(SOURCE MATERIAL Opens)
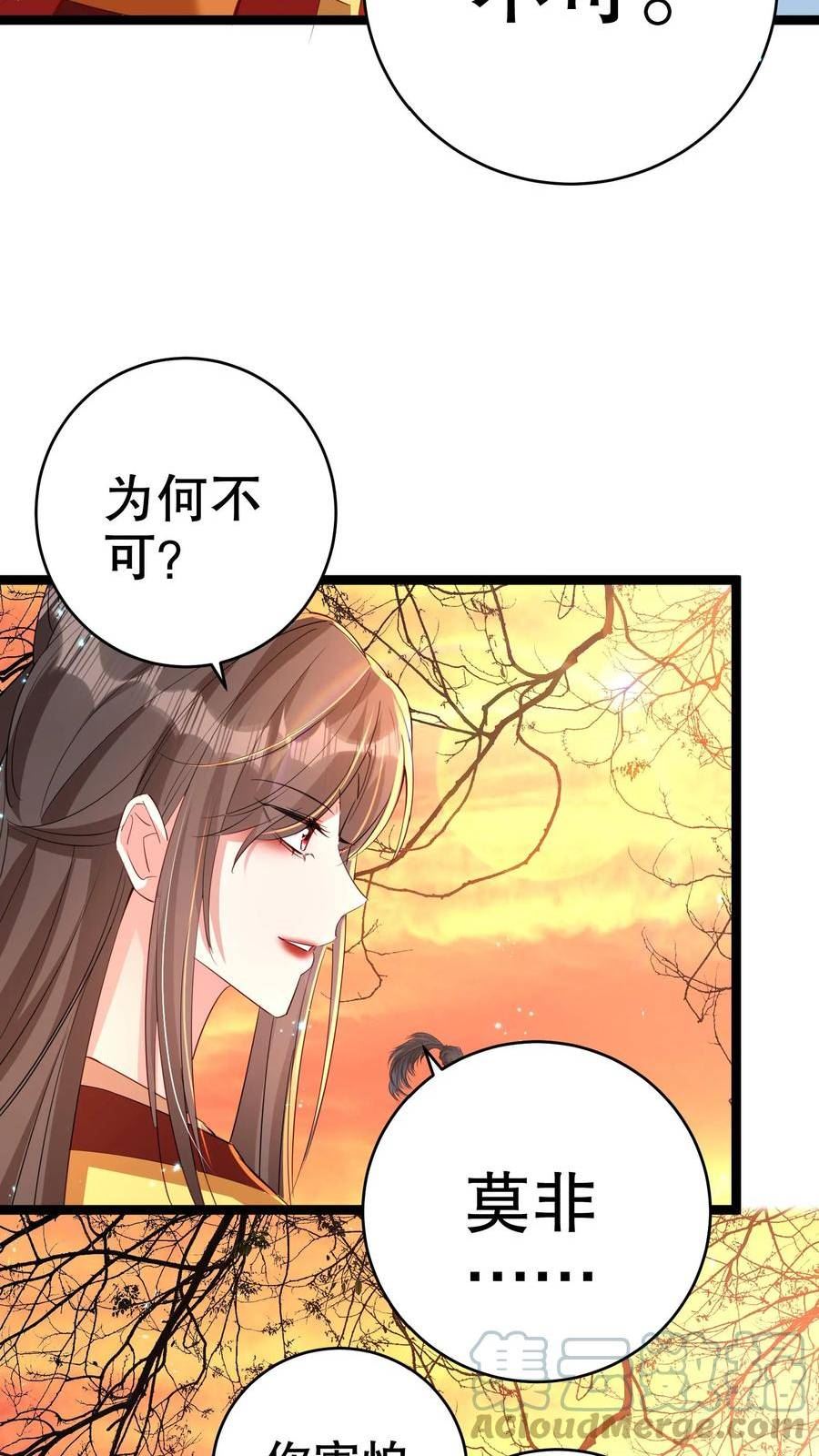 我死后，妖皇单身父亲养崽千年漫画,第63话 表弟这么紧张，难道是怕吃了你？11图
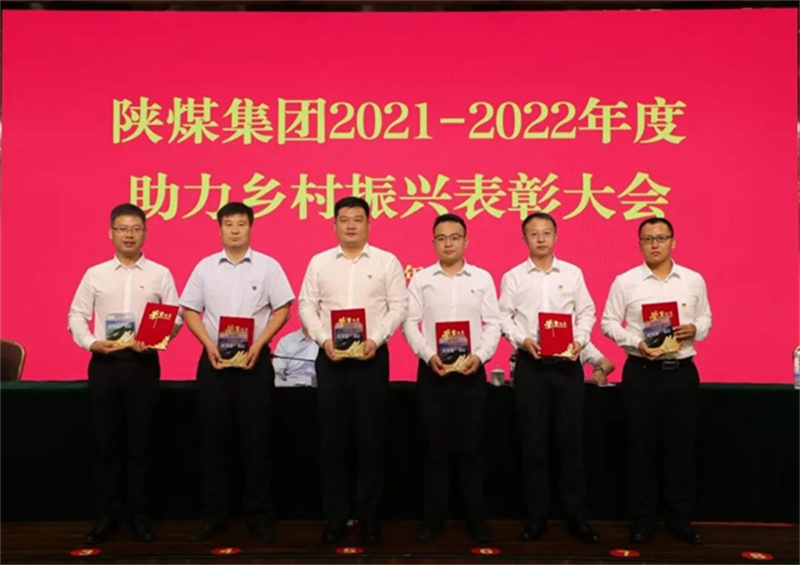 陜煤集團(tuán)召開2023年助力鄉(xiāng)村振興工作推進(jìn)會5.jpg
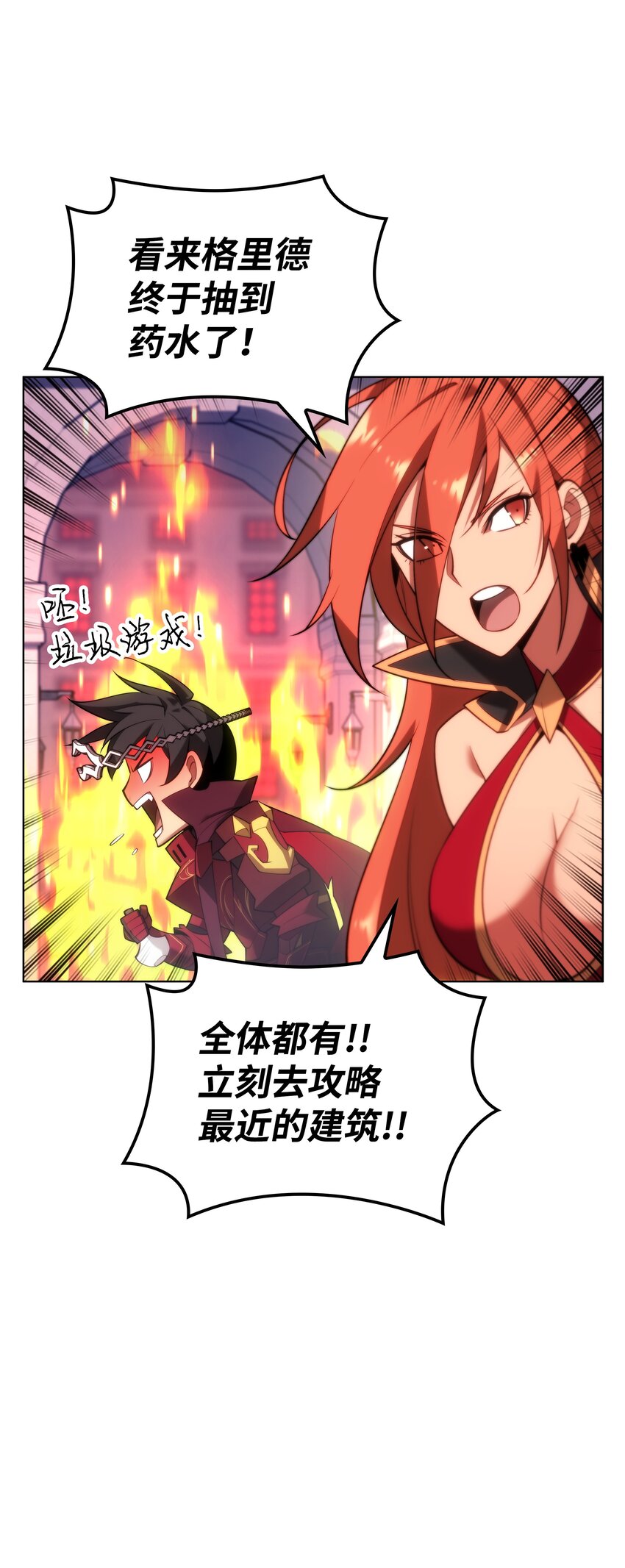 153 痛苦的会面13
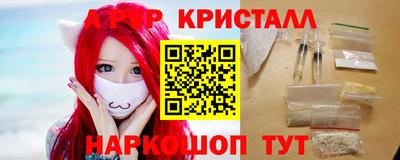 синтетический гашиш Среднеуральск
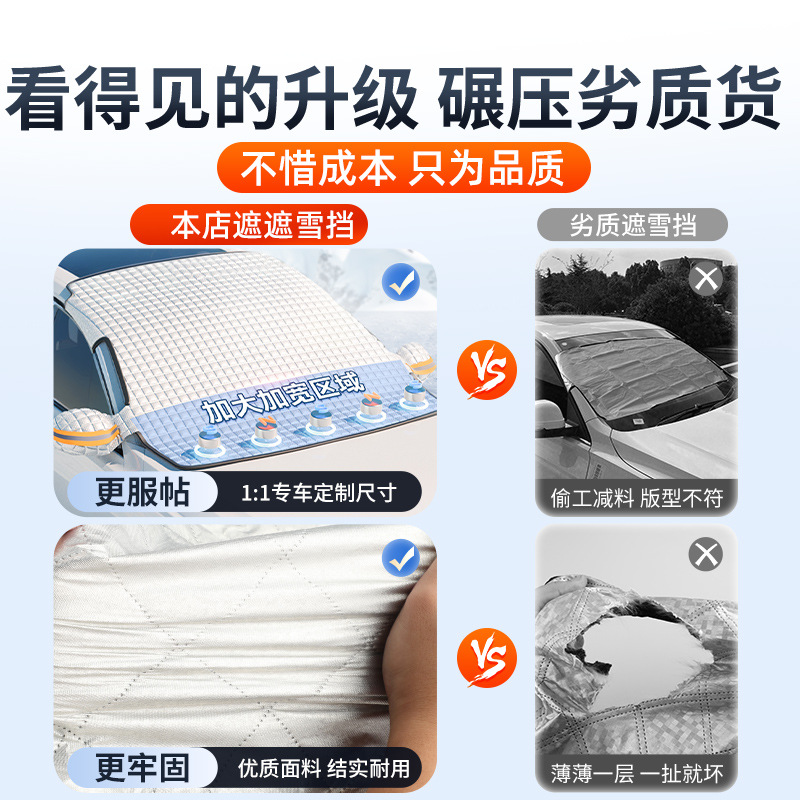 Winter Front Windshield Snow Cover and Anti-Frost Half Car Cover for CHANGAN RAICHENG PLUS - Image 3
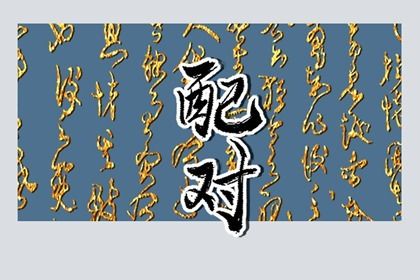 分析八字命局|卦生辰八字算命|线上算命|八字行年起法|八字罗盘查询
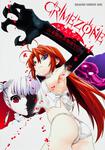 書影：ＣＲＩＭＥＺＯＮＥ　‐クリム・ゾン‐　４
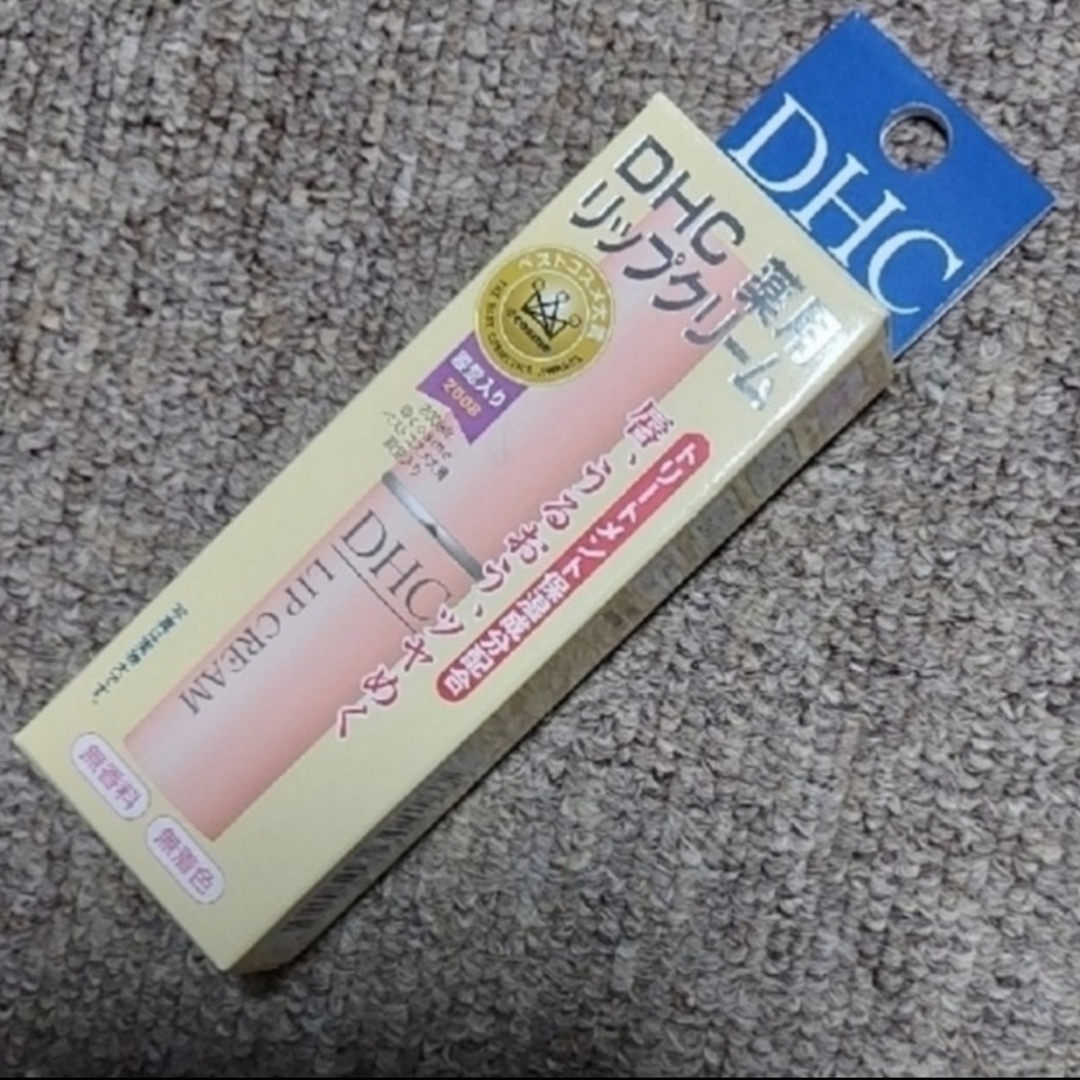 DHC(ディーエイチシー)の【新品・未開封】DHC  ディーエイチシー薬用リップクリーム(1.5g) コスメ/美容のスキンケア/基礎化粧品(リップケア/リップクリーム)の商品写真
(SOURCE MATERIAL Closes)
◆ TASK GOAL ◆
Apart from the images, print all the material above exactly as given.

◆ RESULT FOR THIS TASK ◆
 我死后，妖皇单身父亲养崽千年漫画,第63话 表弟这么紧张，难道是怕吃了你？11图
 陜煤集團(tuán)召開2023年助力鄉(xiāng)村振興工作推進(jìn)會5.jpg
 153 痛苦的会面13
 синтетический гашиш Среднеуральск
 Winter Front Windshield Snow Cover and Anti-Frost Half Car Cover for CHANGAN RAICHENG PLUS - Image 3
 分析八字命局|卦生辰八字算命|线上算命|八字行年起法|八字罗盘查询
 書影：ＣＲＩＭＥＺＯＮＥ　‐クリム・ゾン‐　４
 DHC(ディーエイチシー)の【新品・未開封】DHC  ディーエイチシー薬用リップクリーム(1.5g) コスメ/美容のスキンケア/基礎化粧品(リップケア/リップクリーム)の商品写真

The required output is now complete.